Exercise data:
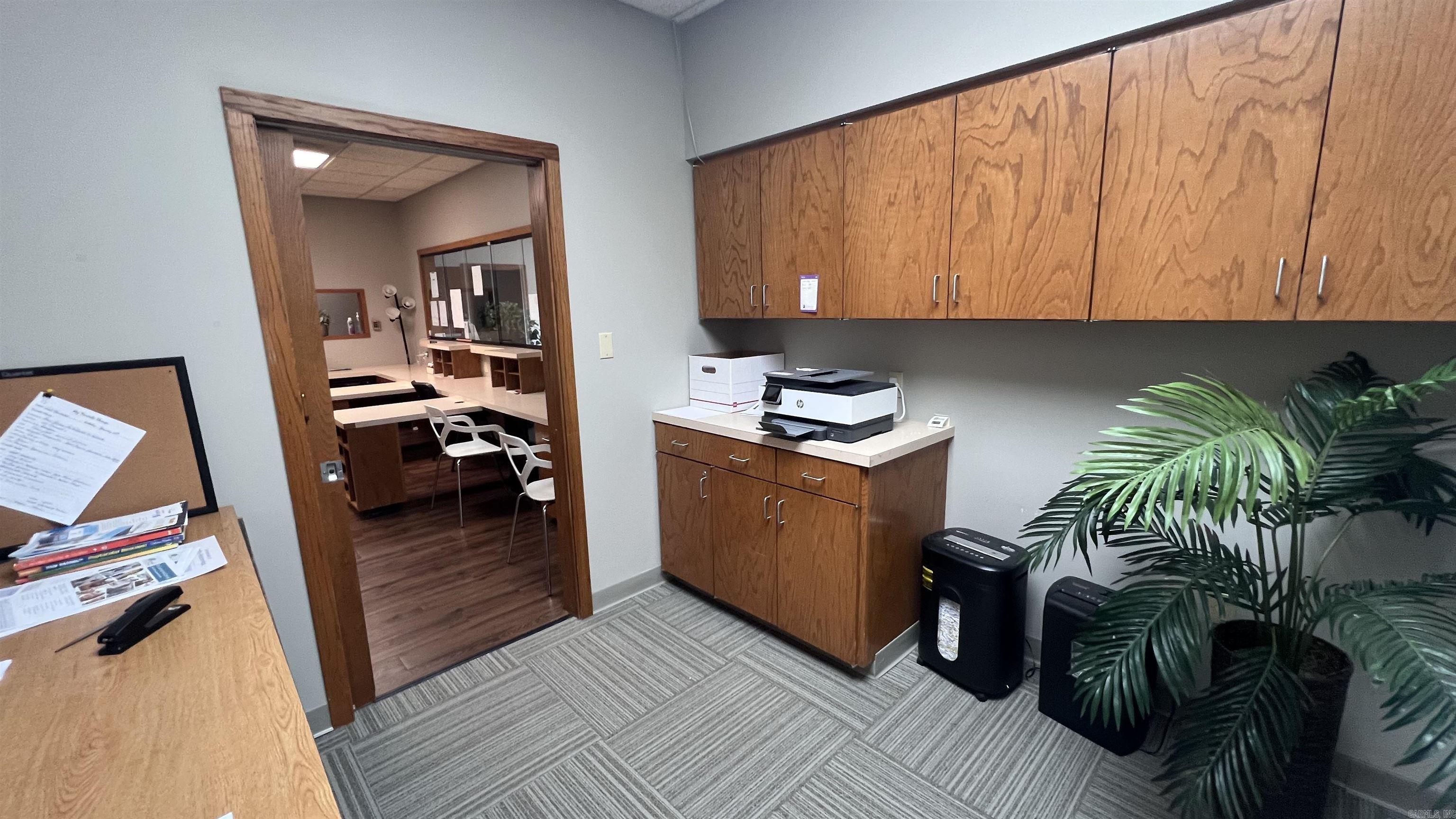 100 Ridgeway Suite 2 Hot Springs, AR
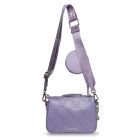 STEVE MADDEN SM13001086 lila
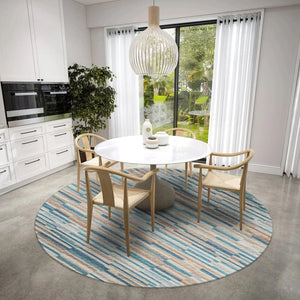 Sedona SN8 Riviera Rug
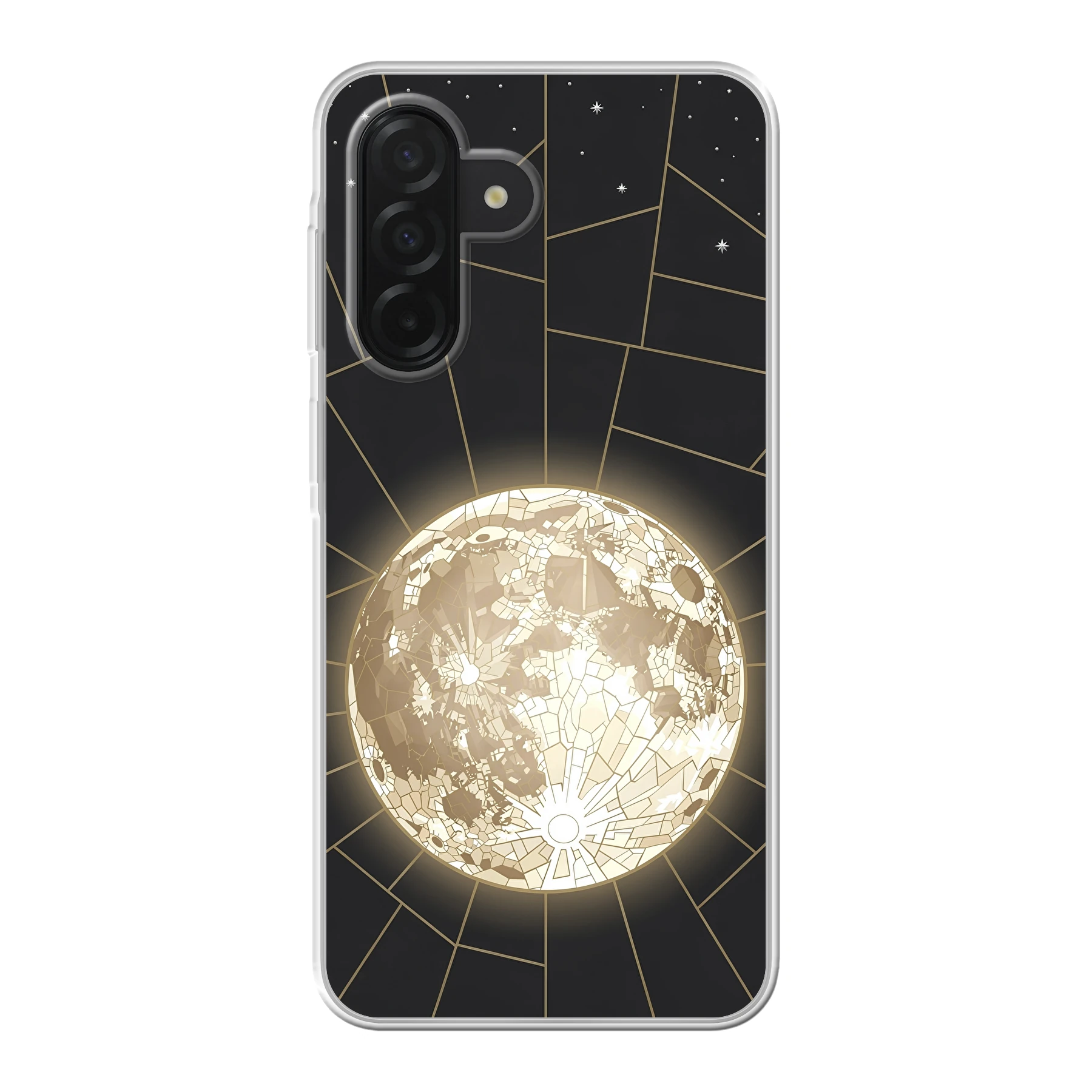 Samsung Galaxy A26 phone case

Problem statement:
Omit the images; transcribe the listing verbatim.

Finished task:
 100 Ridgeway Suite 2 Hot Springs, AR
 STEVE MADDEN SM13001086 lila
 Sedona SN8 Riviera Rug
 Samsung Galaxy A26 phone case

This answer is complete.